Simple Harmonic Motion (1 Viewer)

[rawker]

Can someone help please

A particle is moving in SHM with displacement, in metres, over time t seconds, given by x = 2 sin 6 t.

Find the equation of the velocity of the paticle in terms of t.

...........
x= 2sin6t
x'=12cos6t
x"=-72sin6t=-36x
...........

 

[insert-username]

Can someone help please

A particle is moving in SHM with displacement, in metres, over time t seconds, given by x = 2 sin 6 t.

Find the equation of the velocity of the paticle in terms of t.

...........
x= 2sin6t
x'=12cos6t
x"=-72sin6t=-36x
...........

I'm not sure why you need help, because you've got the answer right there.

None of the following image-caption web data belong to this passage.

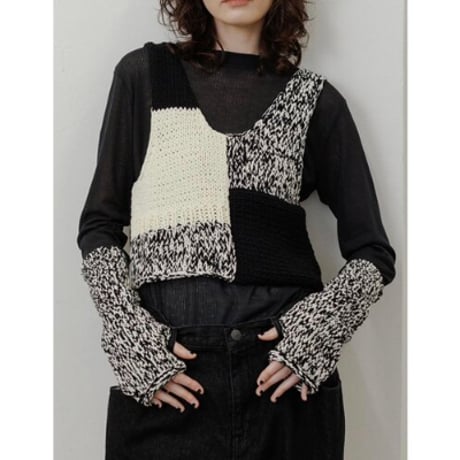 【YENN】PATCHWORK BUSTIER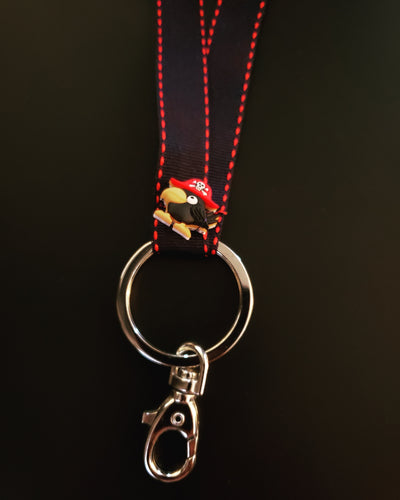 Pirate Crow Lanyard (Key Fob)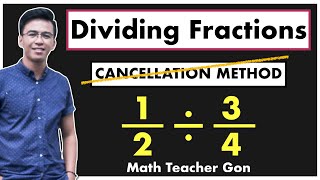 Dividing Fractions with Cancellation Method  How to Divide Fractions [upl. by Attiuqihc]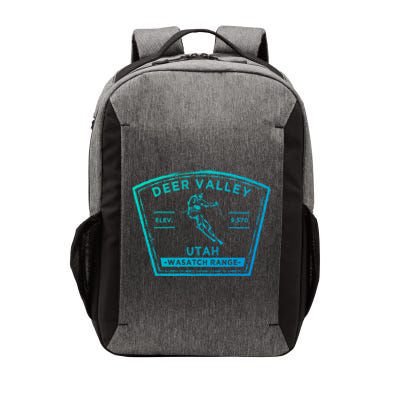 Deer Valley Utah Snow Skiing Gift Vector Backpack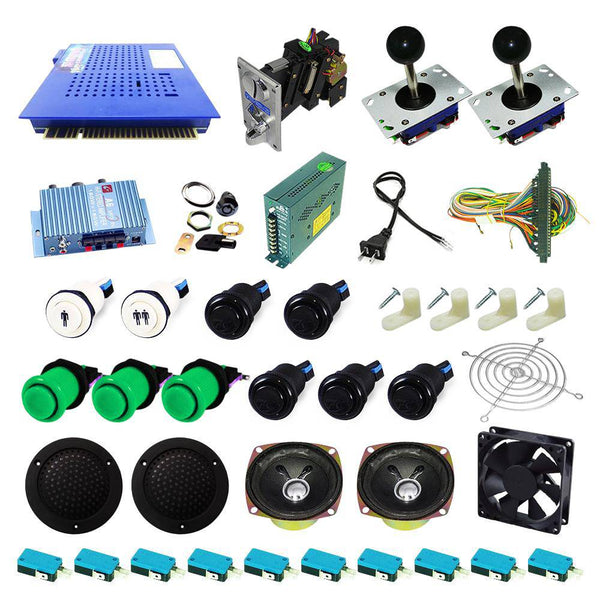Ultimate 412 in 1 Kit - Green/Black - DIY Arcade USA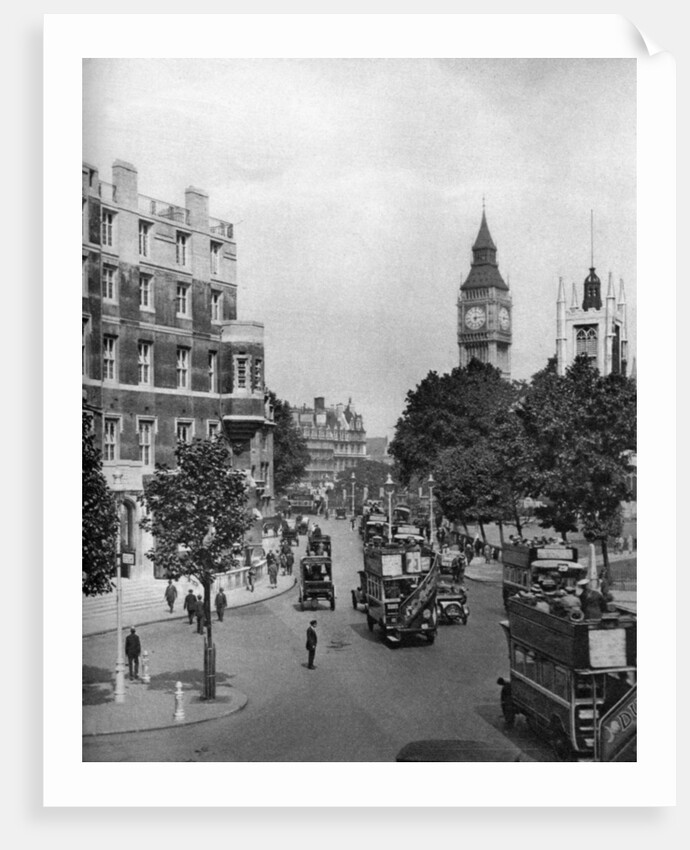 The corner of Tothill and Victoria Streets, looking towards Parliament Square, London by Ellis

Velocity is dx/dt, and dx/dt is the derivative of 2sin6t is 12cos6t.


I_F

 

[rawker]

Eeek. I meant in terms of x not t sorry.

 

[insert-username]

Okey. For any particle moving in Simple Harmonic Motion (you must learn this formula):

(x')² = n²(a² - x²), where a = amplitude and n = coefficient of t

So:

(x')² = 36(4 - x²)

x' = 6√(4 - x²)

That should be right now.


I_F

 

[Mountain.Dew]

x"=-72sin6t=-36x

its also worth nothing to use the derived equation:

x'' = d^2(x)/dt^2 = d(1/2v^2)/dx

then, u have d(1/2v^2)/dx = -36x ==> from there, integrate, and realise that when v = 0, x = a, a = amplitude. ==> then u get ur value for 'c', ur constant when u got ur primitive function from d(1/2v^2)/dx, and so u will anticipate the same result that insert-username has gladly provided us with:
x' = 6√(4 - x²), where x' = dx/dt